Although the entries contain pictures, the copy should hold only their exact text.

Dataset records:
========================================================================

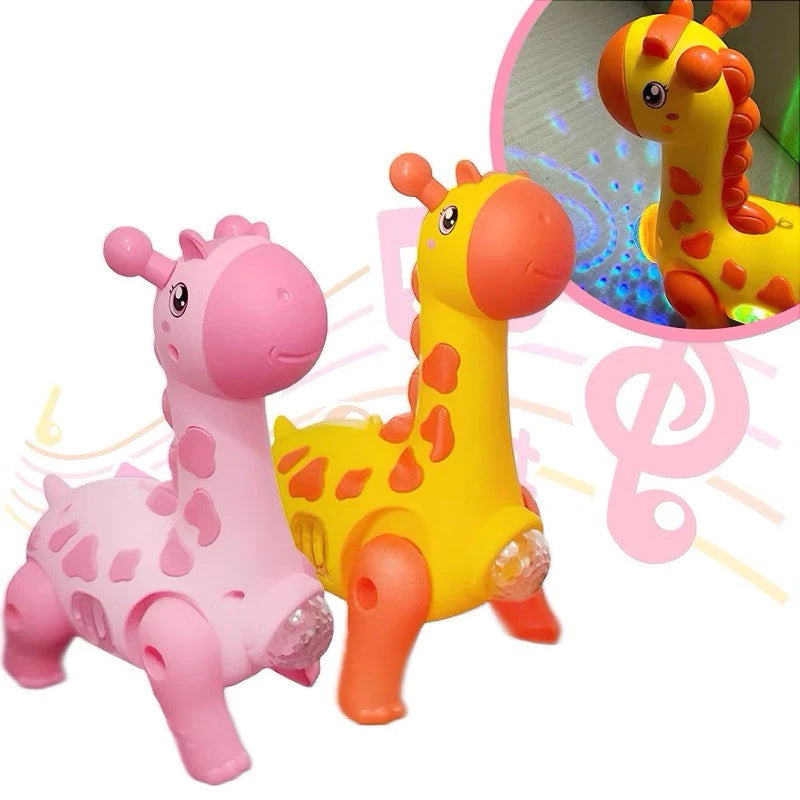 Brinquedo Girafa Brincalhona - Diversão com Luzes!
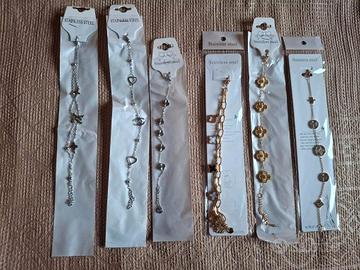 bracciali e collane 5€ l'uno acciaio inossidabile 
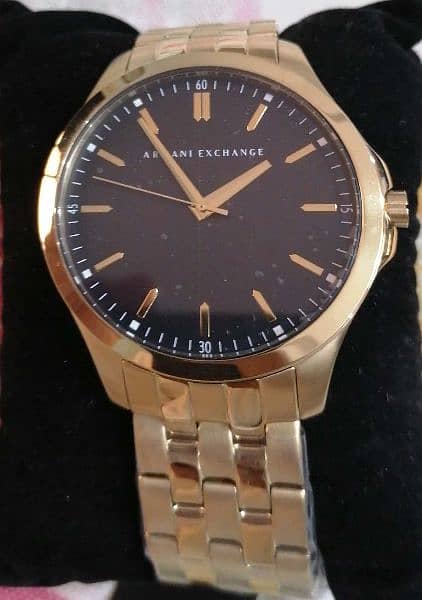 Gold plated 2025 armani watch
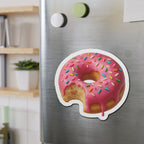 Whimsical Donut Die-Cut Magnet, Cute Kitchen Decor, Fun Gift for Foodies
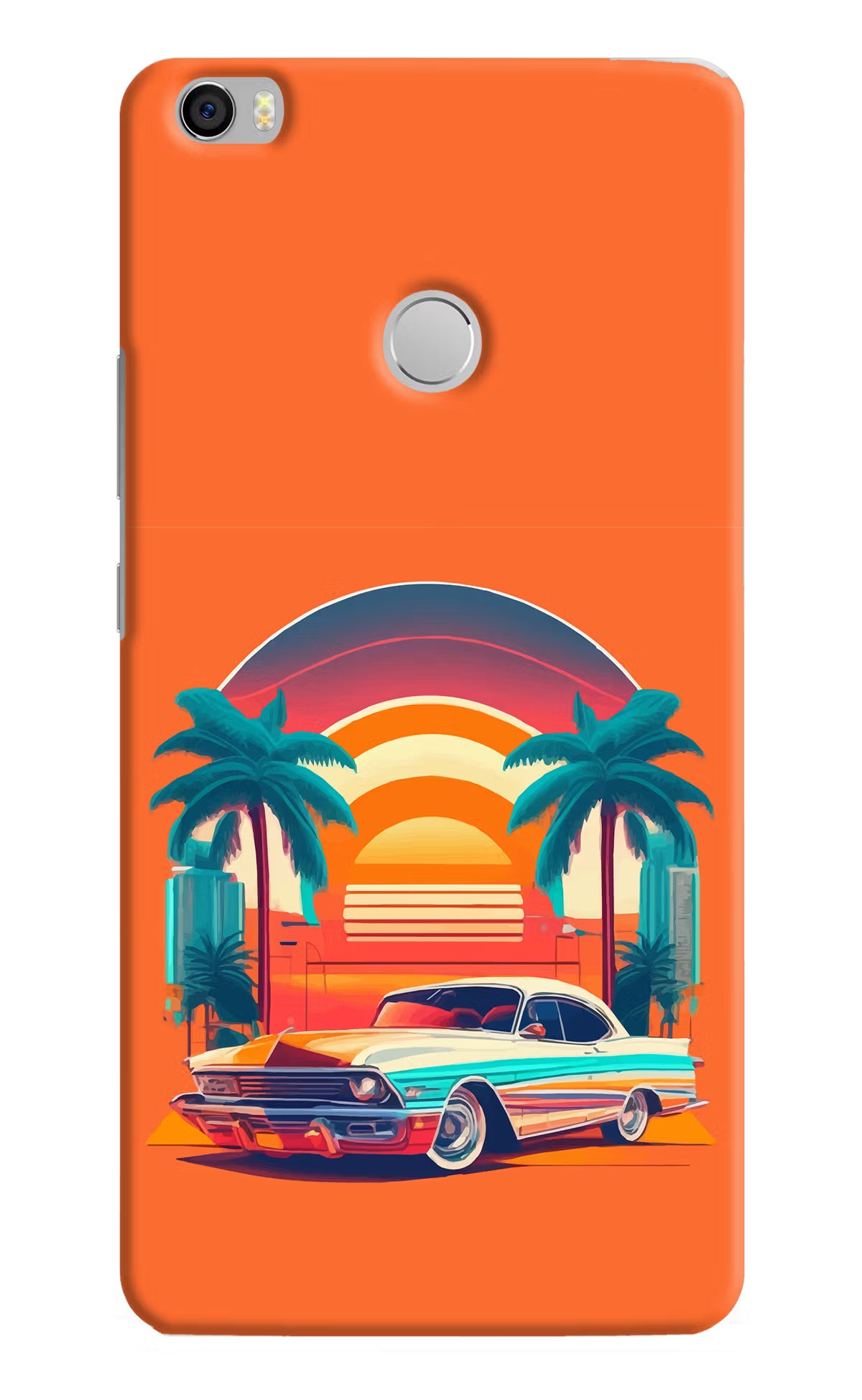 Palm Drive 80s Mi Max Hard Case Back Cover by Casekaro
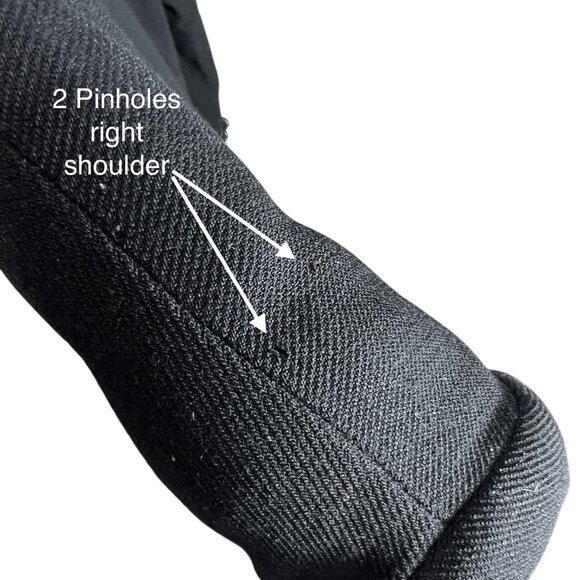 Bebe Vintage 90s Black Cinched Waist Long Blazer Wool Blend Made in USA, Size 4 - Picture 11 of 12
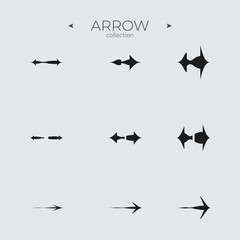 Line Arrow icon set. Line icons collection. Arrow basic UI elements. To use in web and mobile UI. Editable vector stroke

========================================================================

Reply:
 Brinquedo Girafa Brincalhona - Diversão com Luzes!
 bracciali e collane 5€ l'uno acciaio inossidabile 
 Gold plated 2025 armani watch
 Whimsical Donut Die-Cut Magnet, Cute Kitchen Decor, Fun Gift for Foodies
 Palm Drive 80s Mi Max Hard Case Back Cover by Casekaro
 Bebe Vintage 90s Black Cinched Waist Long Blazer Wool Blend Made in USA, Size 4 - Picture 11 of 12
 Line Arrow icon set. Line icons collection. Arrow basic UI elements. To use in web and mobile UI. Editable vector stroke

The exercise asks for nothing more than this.